Le problème de ce genre de polars décrivant une lente glissade vers une situation inconfortable, c’est que pour en profiter, il ne faut pas avoir lu trop de polars. Parce que c’est tissé de clichés et de lieux communs : un ancien sportif déchu, un père riche, une fille ne pensant qu’à s’amuser et dépenser les sous de papa, etc etc. Azzarello a déjà été plus inspiré quand il s’est agi de retourner les évidences.

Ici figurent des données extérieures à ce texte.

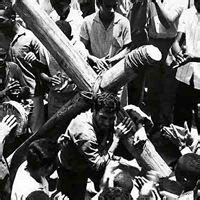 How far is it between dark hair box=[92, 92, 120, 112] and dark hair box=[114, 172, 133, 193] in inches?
33.2

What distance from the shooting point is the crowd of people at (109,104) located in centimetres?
947

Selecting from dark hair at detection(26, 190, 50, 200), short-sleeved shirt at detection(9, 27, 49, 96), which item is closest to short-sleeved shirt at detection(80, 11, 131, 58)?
short-sleeved shirt at detection(9, 27, 49, 96)

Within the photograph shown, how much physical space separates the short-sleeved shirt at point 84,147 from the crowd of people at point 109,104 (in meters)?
0.01

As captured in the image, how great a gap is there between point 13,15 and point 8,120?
2330mm

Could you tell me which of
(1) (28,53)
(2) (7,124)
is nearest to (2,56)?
(1) (28,53)

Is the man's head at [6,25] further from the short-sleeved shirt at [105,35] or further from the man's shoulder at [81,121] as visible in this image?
the man's shoulder at [81,121]

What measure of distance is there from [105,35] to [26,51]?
3.54ft

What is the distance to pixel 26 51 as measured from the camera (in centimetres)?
1152

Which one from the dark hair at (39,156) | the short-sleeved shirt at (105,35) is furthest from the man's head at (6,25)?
the dark hair at (39,156)

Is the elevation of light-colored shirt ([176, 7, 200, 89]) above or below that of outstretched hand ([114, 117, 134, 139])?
below

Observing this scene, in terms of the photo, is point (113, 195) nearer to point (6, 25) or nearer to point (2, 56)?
point (2, 56)

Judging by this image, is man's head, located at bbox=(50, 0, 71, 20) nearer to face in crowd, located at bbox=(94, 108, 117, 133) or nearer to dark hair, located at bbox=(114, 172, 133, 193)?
face in crowd, located at bbox=(94, 108, 117, 133)

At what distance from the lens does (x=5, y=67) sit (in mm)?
11164

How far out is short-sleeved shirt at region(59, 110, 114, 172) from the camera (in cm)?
953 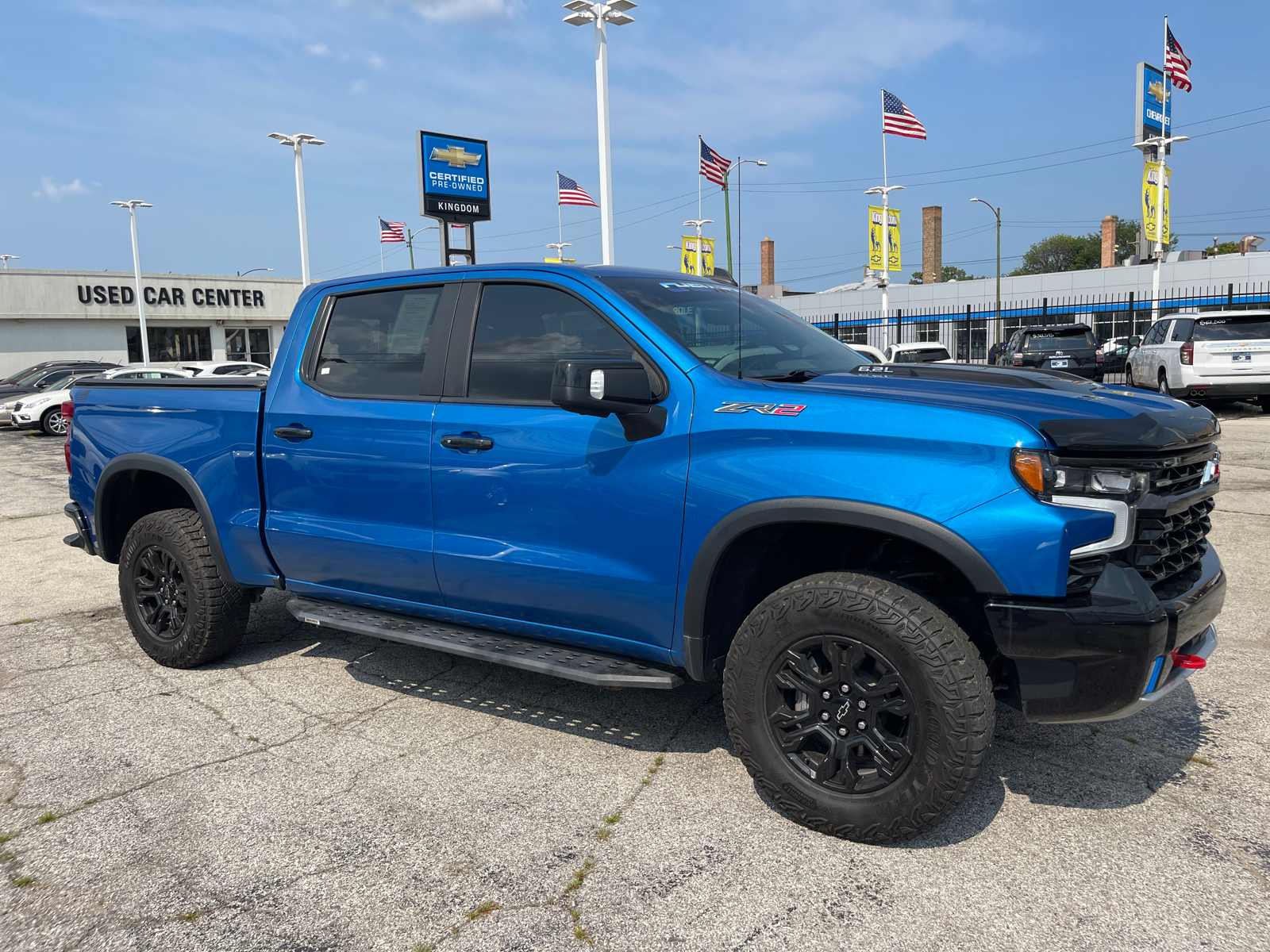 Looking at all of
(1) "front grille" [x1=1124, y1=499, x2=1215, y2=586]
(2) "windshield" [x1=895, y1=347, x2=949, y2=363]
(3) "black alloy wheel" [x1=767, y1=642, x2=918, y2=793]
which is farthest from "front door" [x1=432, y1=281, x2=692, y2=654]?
(2) "windshield" [x1=895, y1=347, x2=949, y2=363]

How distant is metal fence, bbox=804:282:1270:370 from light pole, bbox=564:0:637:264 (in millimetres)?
23337

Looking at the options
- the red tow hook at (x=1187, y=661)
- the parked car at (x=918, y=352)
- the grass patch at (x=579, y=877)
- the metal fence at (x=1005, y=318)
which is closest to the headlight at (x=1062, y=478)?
the red tow hook at (x=1187, y=661)

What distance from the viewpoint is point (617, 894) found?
110 inches

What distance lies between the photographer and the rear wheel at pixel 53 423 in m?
20.1

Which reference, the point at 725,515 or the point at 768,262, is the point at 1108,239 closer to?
the point at 768,262

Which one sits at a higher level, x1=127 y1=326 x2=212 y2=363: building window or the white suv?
x1=127 y1=326 x2=212 y2=363: building window

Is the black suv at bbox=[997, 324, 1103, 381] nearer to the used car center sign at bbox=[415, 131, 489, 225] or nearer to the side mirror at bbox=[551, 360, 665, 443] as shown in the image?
the used car center sign at bbox=[415, 131, 489, 225]

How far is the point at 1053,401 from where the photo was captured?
116 inches

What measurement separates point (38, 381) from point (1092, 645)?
25518 millimetres

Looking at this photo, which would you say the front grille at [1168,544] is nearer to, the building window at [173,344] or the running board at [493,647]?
the running board at [493,647]

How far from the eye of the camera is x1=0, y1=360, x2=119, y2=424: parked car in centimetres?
2134

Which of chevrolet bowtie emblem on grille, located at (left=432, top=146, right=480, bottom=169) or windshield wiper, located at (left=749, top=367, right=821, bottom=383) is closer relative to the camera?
windshield wiper, located at (left=749, top=367, right=821, bottom=383)

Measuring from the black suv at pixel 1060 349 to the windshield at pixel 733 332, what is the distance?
17411 millimetres

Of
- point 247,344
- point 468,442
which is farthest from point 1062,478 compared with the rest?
point 247,344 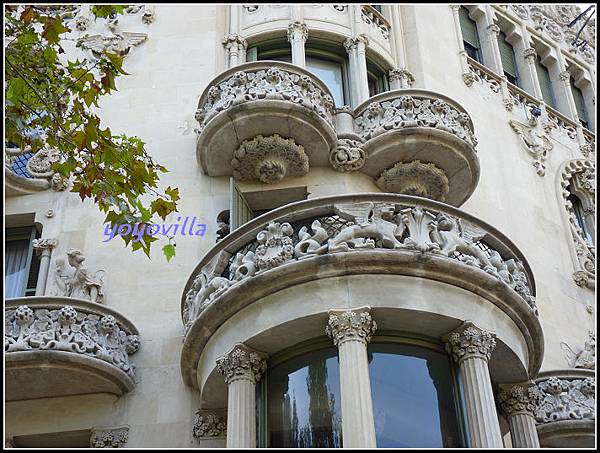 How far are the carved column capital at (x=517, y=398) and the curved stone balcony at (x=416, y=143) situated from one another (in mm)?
4650

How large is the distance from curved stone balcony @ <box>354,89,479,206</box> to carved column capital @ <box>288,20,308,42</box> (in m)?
2.43

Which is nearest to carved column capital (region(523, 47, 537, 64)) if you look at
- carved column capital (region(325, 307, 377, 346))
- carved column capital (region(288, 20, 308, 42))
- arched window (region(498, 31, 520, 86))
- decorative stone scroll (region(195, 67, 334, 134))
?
arched window (region(498, 31, 520, 86))

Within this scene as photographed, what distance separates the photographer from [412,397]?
40.7 ft

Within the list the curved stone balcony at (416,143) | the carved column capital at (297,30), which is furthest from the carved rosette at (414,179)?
the carved column capital at (297,30)

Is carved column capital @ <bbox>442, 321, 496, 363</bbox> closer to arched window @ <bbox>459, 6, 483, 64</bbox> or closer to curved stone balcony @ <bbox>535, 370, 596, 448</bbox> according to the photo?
curved stone balcony @ <bbox>535, 370, 596, 448</bbox>

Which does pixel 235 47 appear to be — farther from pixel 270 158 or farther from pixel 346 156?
pixel 346 156

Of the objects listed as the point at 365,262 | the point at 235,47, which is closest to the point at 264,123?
the point at 235,47

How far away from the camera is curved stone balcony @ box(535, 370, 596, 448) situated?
15859 millimetres

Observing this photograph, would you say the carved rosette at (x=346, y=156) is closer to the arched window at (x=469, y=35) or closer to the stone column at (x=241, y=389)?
the stone column at (x=241, y=389)

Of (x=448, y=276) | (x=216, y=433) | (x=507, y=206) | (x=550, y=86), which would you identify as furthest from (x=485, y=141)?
(x=216, y=433)

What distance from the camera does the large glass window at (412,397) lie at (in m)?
12.1

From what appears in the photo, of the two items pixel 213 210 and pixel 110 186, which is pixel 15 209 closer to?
pixel 213 210

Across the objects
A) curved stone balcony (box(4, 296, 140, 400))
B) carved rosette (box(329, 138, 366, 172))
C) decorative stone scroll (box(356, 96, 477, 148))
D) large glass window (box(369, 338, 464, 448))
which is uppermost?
decorative stone scroll (box(356, 96, 477, 148))

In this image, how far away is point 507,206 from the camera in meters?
19.8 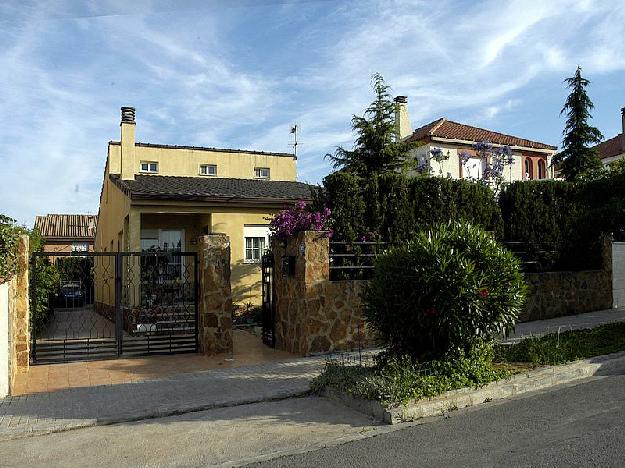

Victor Santos, question dessin, c’est un peu la même chose : c’est très joli, mais ça reluque du côté du Frank Miller de Sin City, bien imbibé de Bruce Timm, sans être aussi talentueux que l’un ou l’autre.
Le résultat, c’est une série noire tout à fait sympathique, mais complètement interchangeable. Sans originalité. La fin annonçait une conclusion un peu originale, avec un personnage central sur le point de renverser les attentes qu’il suscite chez les autres personnages et chez les lecteurs… et pourtant non, la dernière scène montre qu’il a continué à glisser, dans une conclusion assez moralisatrice, sous ses dehors cyniques.
Donc bon, ouais, bof, quoi.

Jim

J’en garde un meilleur souvenir que ce que tu en dis (il me semblait que la fin était plutôt pas mal par contre ?), mais oui ce n’est pas le meilleur polar écrit par Azzarello que j’ai pu lire.